Dredging – ‘Best’ Protection Against Future Flooding (UK)
Environment, Food and Rural Affairs Committee has published its report into the winter floods of 2013-14 as HC 240, First Report of Session 2014-15.
The Government must not neglect maintenance of flood defences and watercourses if homes, businesses and farmland are to gain better protection against future flooding risk, warn MPs today in a report of an inquiry triggered by the recent winter floods.
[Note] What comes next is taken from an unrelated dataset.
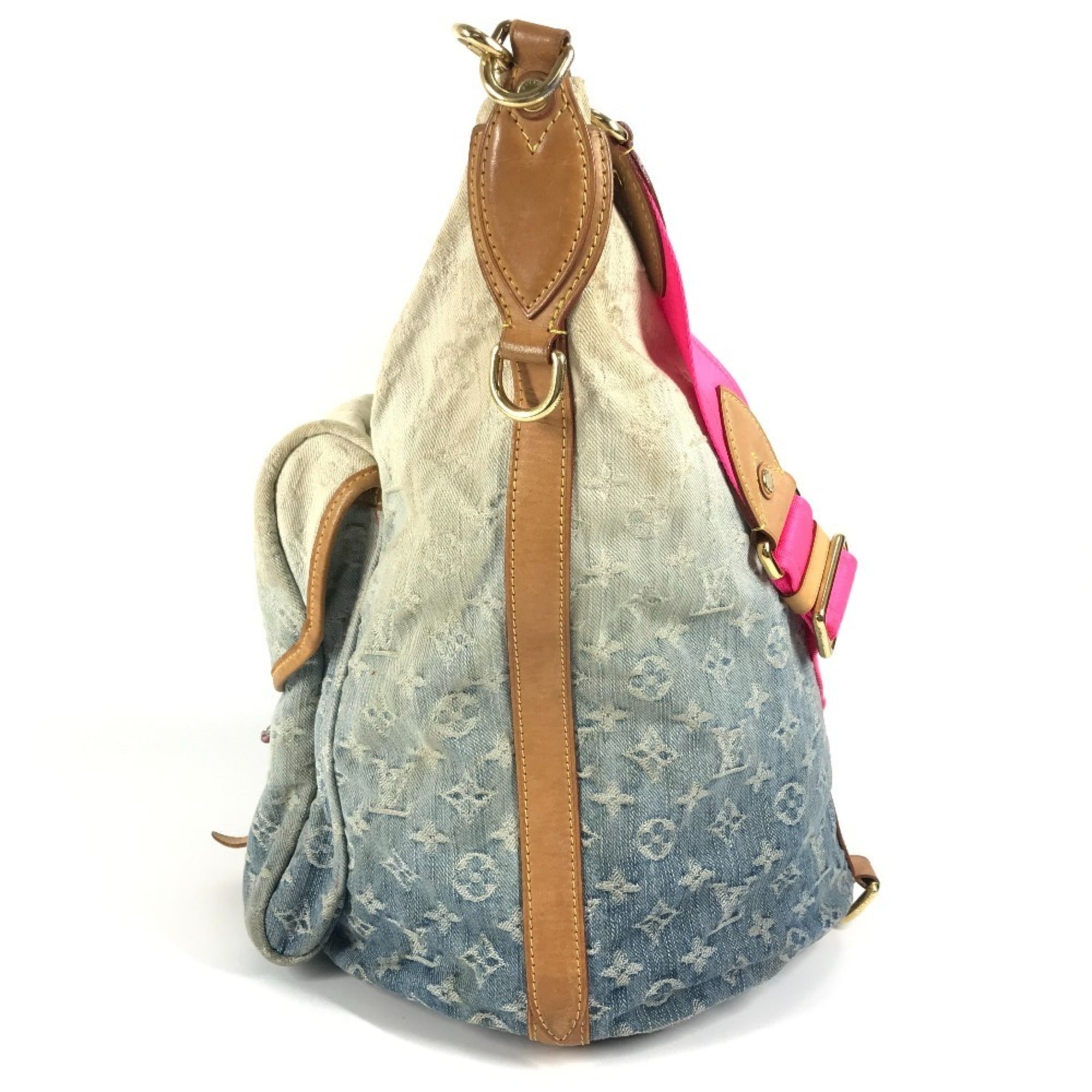 Louis Vuitton Monogram Denim Blue Pink Monogram Denim Shoulder Bag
Launching its Report on Winter Floods, the Chair of the Environment, Food and Rural Affairs Committee, Miss Anne McIntosh said:
“We have repeatedly called on the Government to increase revenue funding so that necessary dredging and watercourse maintenance can be carried out to minimise flood risk, yet funding for maintenance remains at a bare minimum. Ministers must take action now to avoid a repeat of the devastation caused by the winter floods.”
Maintenance and dredging
The Committee calls for fully funded plans to address the current backlog of dredging and watercourse maintenance as well as to maintain the growing numbers of man-made flood defences.
“Regular work to dredge and keep rivers clear can be an essential flood prevention measure, yet this is exactly what gets squeezed out when budgets are tight. The Government needs to recognise the importance of regular maintenance work and put it on an equal footing with building new defences,” said Miss Anne McIntosh.
MPs support the devolution of maintenance activity to internal drainage boards and to local landowners, wherever possible. The Committee also urges the Government to address the confusion over maintenance responsibilities through a widespread education campaign.
The Committee warned that it is essential that Environment Agency funding cuts do not lead to unintended consequences where funding is redirected to one operational area to the detriment of another. The Report also calls for a reassurance from Defra that frontline flood jobs at the Environment Agency will not be cut.
The Committee identifies the current split between capital and revenue budgets as a major barrier to targeting funding according to local priorities.
“We want clarity for everyone when it comes to flood funding budgets,” said Anne McIntosh. “We see no reason why the Government cannot move to a total expenditure approach for flood funding to allow more flexibility to spend in the most effective way.”